Groupe adoré, vénéré de nos jeunesses indie, les Pastels de Glasgow gardaient un silence tenu et poli depuis douze ans – à peine perturbé par une mini b.o. ou les activités têtues (Maher Shalal Hash Baz, Future Pilot AKA, Bill Wells, Kama Aina, Nagisa Ni Te) de leur magnifique label Geographic. Il fallait au moins les efforts de leurs amis de Tokyo Saya et Ueno aka les Tenniscoats pour les sortir de leur torpeur et les traîner en studio. Le résultat est une fausse récréation et un petit miracle de douceur volcanique, infiniment long en bouche (lire notre chronique). Stephen McRobbie nous a fait le cadeau d’une entrevue pour fêter ça.

Chronic’art : Mise à part la trop courte b.o. de The Last great wilderness, ça fait douze ans qu’on était sans nouvelles des Pastels.
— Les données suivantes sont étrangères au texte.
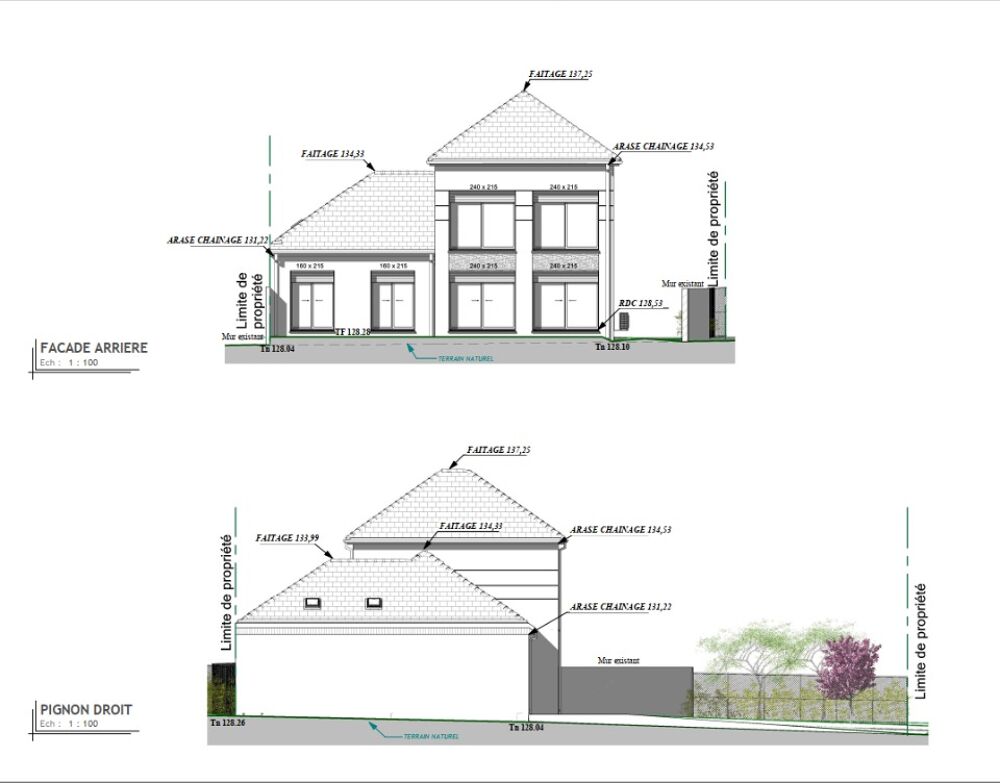 vente Maison - 5 pièce(s) - 120 m² Quincy-Voisins (77860)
Que s’est-il passé ?

Stephen McRobbie : Ca peut paraître étrange à entendre mais on a été très occupé. On a beaucoup composé. Même si tout s’est un peu fait… au ralenti (rires). On a fait cette B.O., on a composé de la musique pour une pièce de la compagnie écossaise 12 Stars…. Tout ça sans enregistrer une seule vraie chanson des Pastels. On en a pourtant composé pas mal. Nous avons déjà fait deux sessions d’enregistrement avec John McEntire, mais ce n’est pas fini.
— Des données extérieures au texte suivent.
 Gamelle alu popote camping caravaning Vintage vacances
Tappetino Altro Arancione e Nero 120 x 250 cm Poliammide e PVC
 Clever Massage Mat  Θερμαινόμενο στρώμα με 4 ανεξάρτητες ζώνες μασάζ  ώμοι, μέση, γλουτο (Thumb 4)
Il aura tout de même fallu les efforts acharnés d’un autre groupe, en l’occurrence les Tennisocats, pour vous traîner en studio.

Ce n’est pas la motivation qui nous manque. Mais l’enregistrement avec les Tenniscoats fut très positif. Nous avons ressenti une responsabilité très forte de finir le disque, rien que par respect et amitié pour eux. Ce sont des musiciens très productifs, et nous ne voulions pas les bloquer trop longtemps avec notre rythme escargot. Quand ils sont venus nous trouver, nous n’avions rien de très intéressant dans les cahiers, mais ils en avaient une flopée. L’enregistrement fut donc très détendu, nous n’avions pas d’album en tête en le commençant. Encore moins un chef d’oeuvre en prévision. Nous savions seulement que nous aimions ce gars et cette fille, et ce fut suffisant.

Enregistrer un disque de manière aussi détendue est un bon contexte créatif ?

Un excellent contexte créatif, en ce qui nous concerne. Ca simplifie même les échanges d’idées et les décisions collectives. L’ambiance en studio fut vraiment très joyeuse. Tout le monde était très sensible et concentré. Ca ne se fait pas trop de dire ça parce l’art en dilettante est très mal vu, mais ce fut un disque très facile à faire (rires).

Quand as-tu découvert la musique des Tenniscoats ?

Ca fait longtemps qu’on les connaît. Je dirais depuis 1999, 2000. Saya et Ueno jouaient dans Maher Shalal Hash Baz à l’époque. Ils sont venus à Glasgow quand ils étaient encore un tout jeune couple, et on s’est tout de suite très bien entendus. Et le plus incroyable c’est que quand ils ont rejoint Maher Shalal Hash Baz, ils ont tous les deux dit à Tori (Kudo, leader du groupe, ndlr) que leur groupe préféré était les Pastels. Malgré ça, notre amitié est très forte.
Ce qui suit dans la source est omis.